**Working data:**
##########

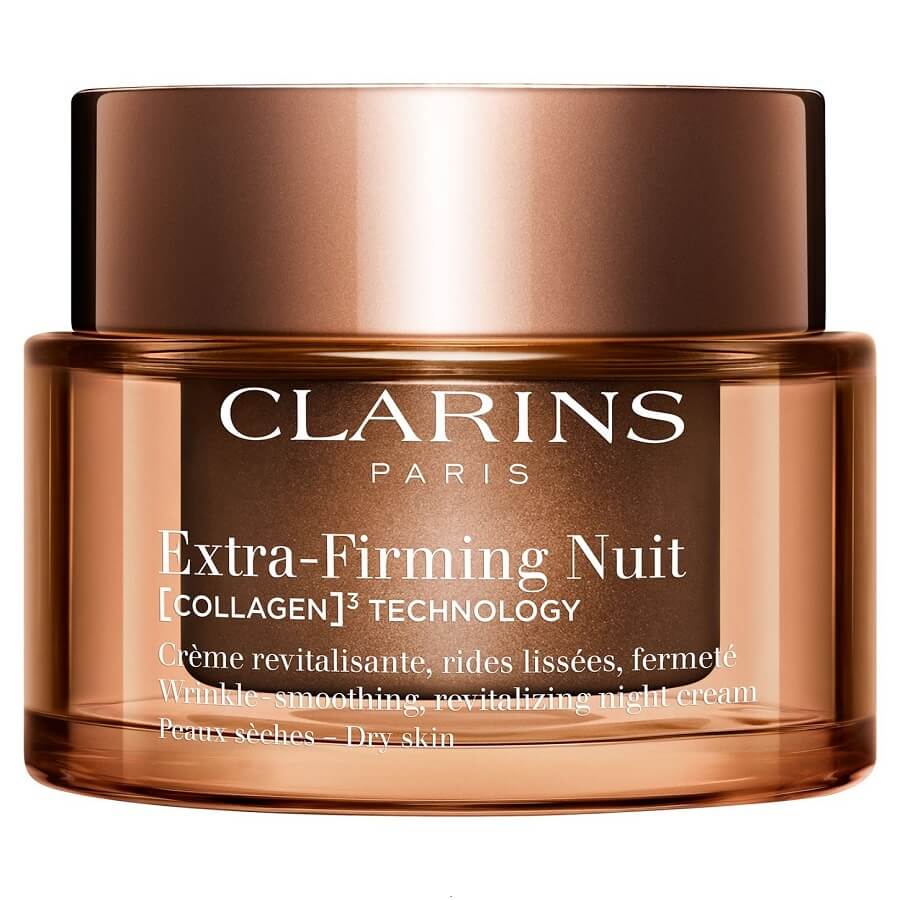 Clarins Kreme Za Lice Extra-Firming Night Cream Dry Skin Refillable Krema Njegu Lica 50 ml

##########

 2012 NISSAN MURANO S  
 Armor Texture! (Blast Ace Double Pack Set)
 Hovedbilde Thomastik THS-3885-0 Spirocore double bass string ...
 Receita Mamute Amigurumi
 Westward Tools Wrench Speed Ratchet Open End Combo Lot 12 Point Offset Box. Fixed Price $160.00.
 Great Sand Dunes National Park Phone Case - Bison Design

##########

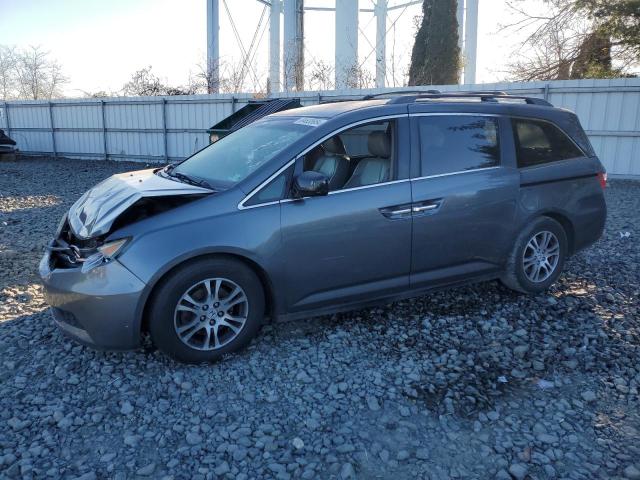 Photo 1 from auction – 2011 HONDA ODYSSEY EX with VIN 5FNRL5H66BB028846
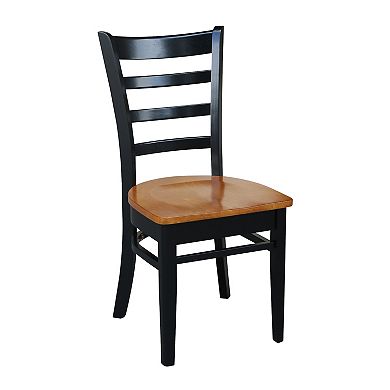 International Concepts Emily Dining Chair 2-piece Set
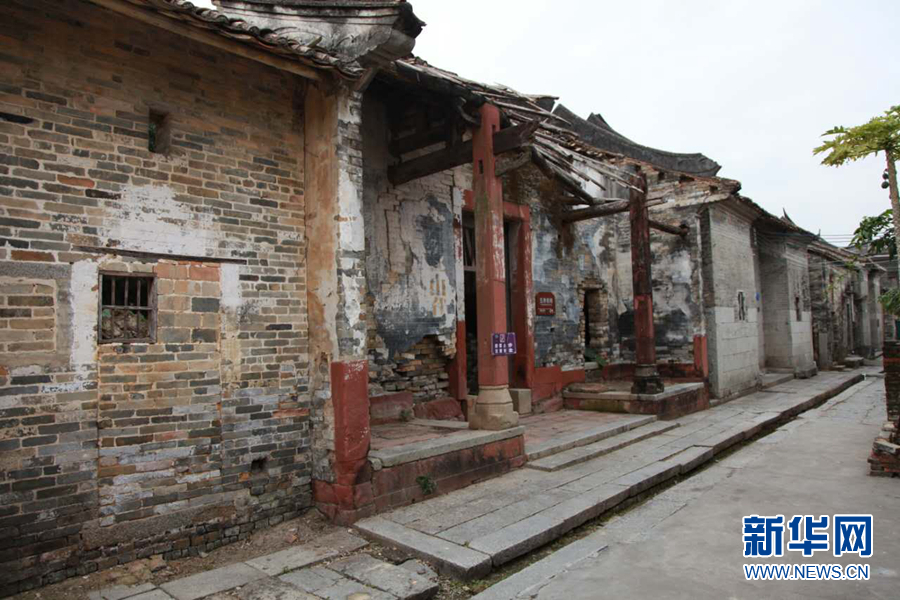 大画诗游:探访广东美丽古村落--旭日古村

##########

**Exercise instructions:**
Reproduce, exactly and only, the lines of the records above starting at the line with "Photo 1 from" and ending at the line with "大画诗游:探访广东美丽古村落--旭日古村", both included. Leave every picture out.

**Output for this task:**
 Photo 1 from auction – 2011 HONDA ODYSSEY EX with VIN 5FNRL5H66BB028846
 International Concepts Emily Dining Chair 2-piece Set
 大画诗游:探访广东美丽古村落--旭日古村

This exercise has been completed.